何でも最近の金融市場の不安定さと、今後も続く低金利政策を反映して安全資産としてゴールドが買われているのだそうだ。中国やインドなどではゴールドに対して根強い人気があり、価格が下がればそこを狙っての買いが待っているらしい。

一方、インフレヘッジでの資産ポートフォリオも含め、中国系からの熱狂的なボルドーワイン人気を受けて価格上昇を続けてきたグランヴァン市場は、中国国内での偽造ワイン問題や、高過ぎるワイン価格に対する警戒感からか、このところ様子が変わってきたようだ。ゴールドと違い安全資産とは考えにくいのも一つの理由でしょうか。

昨年、中国系に大人気だった高級ボルドーワインの代表的存在のシャトー・ラフィット・ロートシルトの2008年ヴィンテージは、昨年から26%の下落。ボルドーワインのインデックスとしてはピークから5%下落している。

 しかし中国市場に詳しいワイン関係者は、ラフィットのような売れ筋高級ワインの需要や価格がそうは下がるとは思えないと言います。これは中国の習慣と、中国人の面子を大事にする文化が関係しているとのこと。商売相手や政府高官への贈り物や、接待での飲み物では、ラフィットのような誰でも知っている高級ワインでないと面子を失うことになるのだそうだ。

例えば、商売相手や政府高官にペンフォールドのグランジやハーラン・エステートのワインを贈ったり、接待で使ったりしても面子を失ってしまう可能性が高いとのこと。それらのワインは大変に素晴らしい評価の高いワインだが、中国ではほとんど知られていないためだ。
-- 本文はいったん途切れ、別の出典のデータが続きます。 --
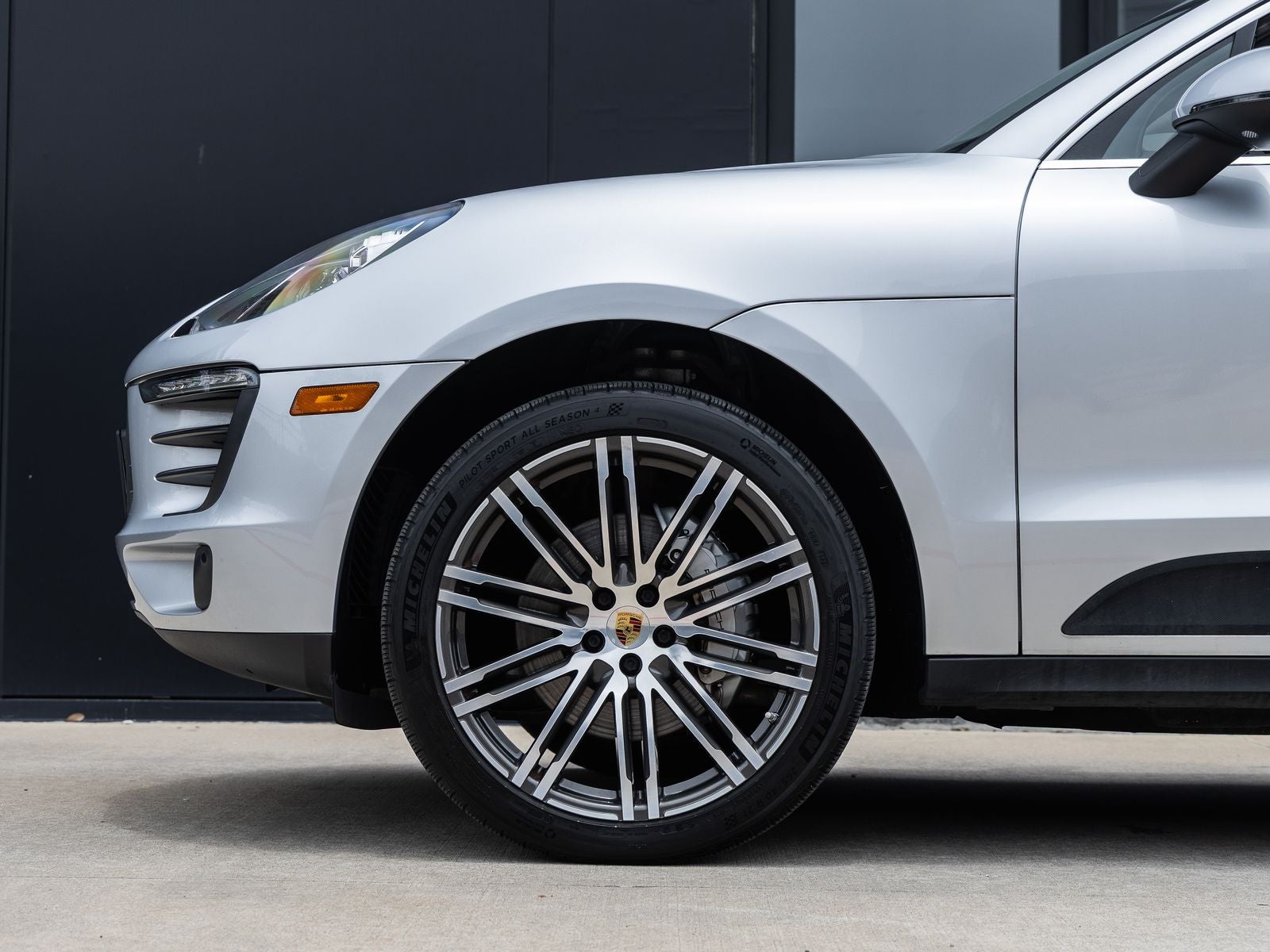 2018 Porsche Macan S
中国市場では多くの高級ワインが売れているわけではなく、ボルドーワイン格付けピラミッドの、本当にトップのワインのみが人気で、後は中国でのワイン需要を当て込んだイギリスや香港でのワイン投機需要が今までの上昇相場をつくってきたとも言えるらしい。しかしほとんどのワイン投機家は中国にいるわけではなく、現場で市場を見ているわけではないため、彼らの思惑どうりの市場とはなっていないようだ。

今後、中国での需要にそぐわない、投機買いされた高級ワインの安売り合戦が始まる可能性もありそうですね。